Paul Roesel Garabedian (August 2, 1927 – May 13, 2010) was a mathematician and numerical analyst. Garabedian was the Director-Division of Computational Fluid Dynamics at the Courant Institute of Mathematical Sciences, New York University. He is known for his contributions to the fields of computational fluid dynamics and plasma physics, which ranged from elegant existence proofs for potential theory and conformal mappings to the design and optimization of stellarators. Garabedian was elected a member of the National Academy of Sciences in 1975.

==Education and career==
Born in Cincinnati, Ohio, Garabedian received a bachelor's degree from Brown University in 1946 and a master's degree from the Harvard University in 1947, both in mathematics. He received his Ph.D., also from Harvard University, in 1948 under the direction of Lars Ahlfors. It was at Brown University that he met his longtime colleague and collaborator, Frances Bauer.

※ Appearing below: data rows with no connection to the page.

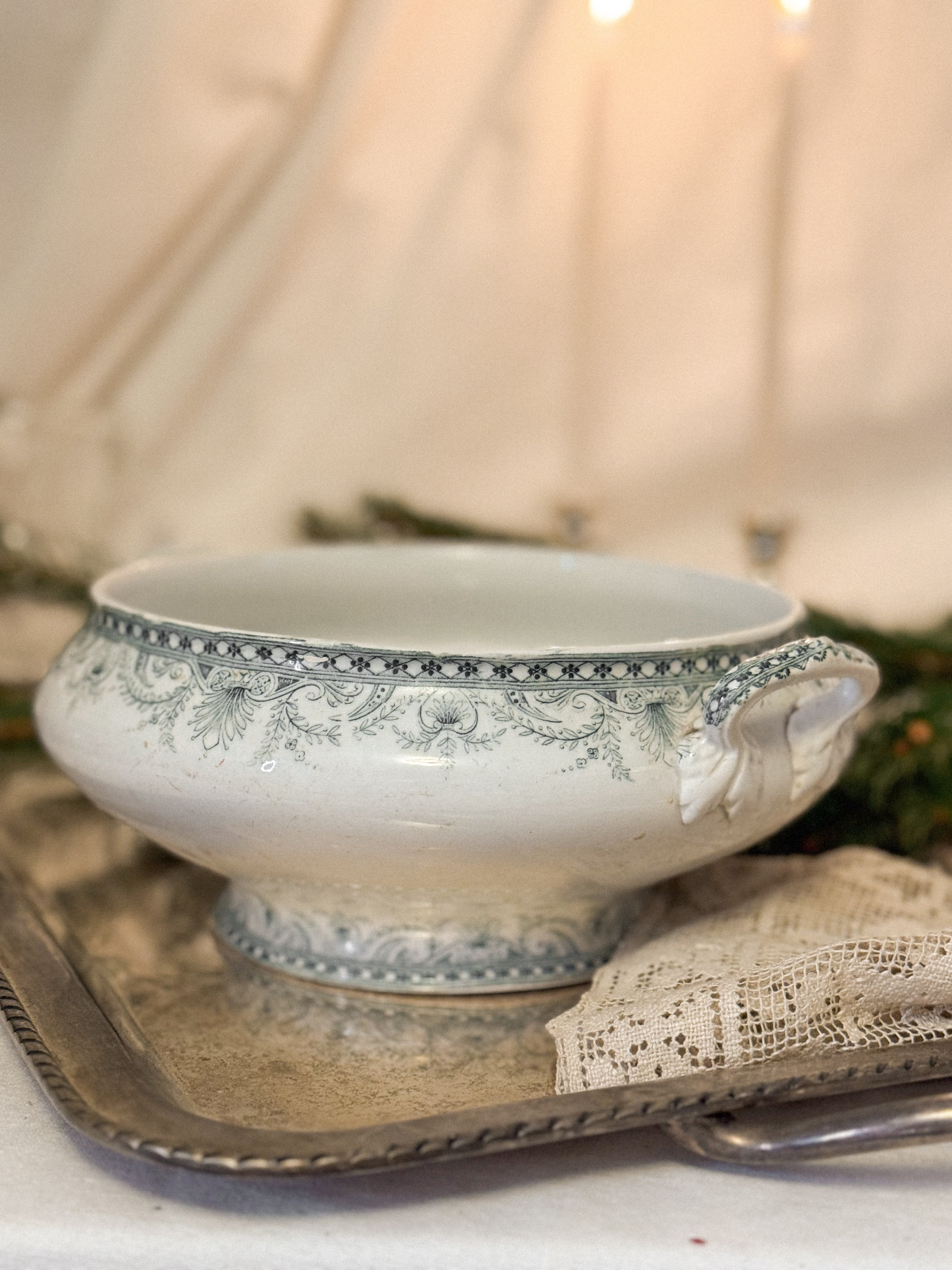 Antique French Tureen — Saint-Amand & Hamage Nord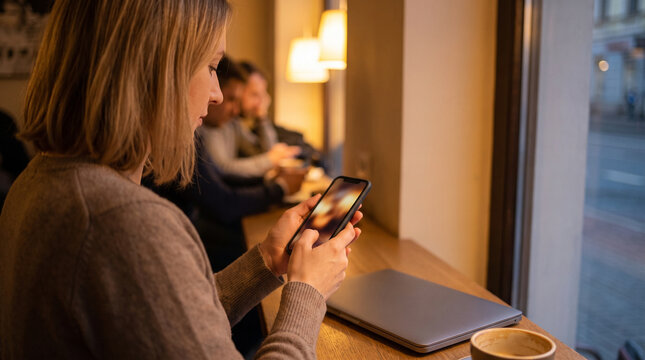 Freelancer opens her banking app instead of a suspicious text link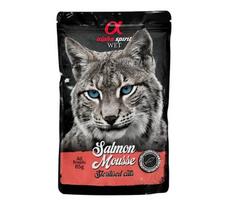 Šlapias kačių maistas Alpha Spirit Mousse Sterilised, lašiša, 0.085 kg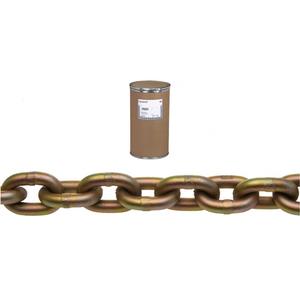 Campbell® Transport Chain - 4700 lbs. (2.35 tons), 550' (167.6 m), Grade 70, 5/16", Heat-Treated Carbon Steel, Yellow Chromate Plated/Zinc Plated, 4 to 1, Drum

In 1949 Garabedian joined the faculty at the University of California as an Assistant Professor and became associate professor in 1952. In 1956, he moved to Stanford University as a professor of mathematics. In 1959 he moved to the Institute of Mathematical Sciences [later renamed the Courant Institute] at New York University. In 1978 he was appointed the Director-Division of Computational Fluid Dynamics at the Courant Institute of Mathematical Sciences, New York University. In a long and fruitful academic career, Garabedian supervised 27 Ph.D. theses. The first was in 1953 (Edward McLeod) and the last came in 1997 (Connie Chen).

==Honors and awards==
- Sloan Fellowship, 1961–63
- Guggenheim Fellowship, 1966
- Fairchild Distinguished Scholar Caltech, 1975
- NASA Public Service Group Achievement Award by NASA Langley Research Center, 1976
- Boris Pregel Award, New York Academy of Sciences, 1980
- Birkhoff Prize of the AMS and SIAM, 1983
- Theodore von Kármán Prize, SIAM, 1989

==Books==
- Partial Differential Equations, 2nd ed., Chelsea Pub. Co. (1998). ISBN 0-8218-1377-3
- Magnetohydrodynamic Equilibrium and Stability of Stellarators, with F. Bauer and O. Betancourt. Springer-Verlag (1984). ISBN 0-387-90966-4
- Supercritical Wing Sections II, with F. Bauer, D. Korn and A. Jameson. Lecture Notes in Economics and Mathematical Systems, Springer-Verlag (1975), ISBN 0-387-07029-X.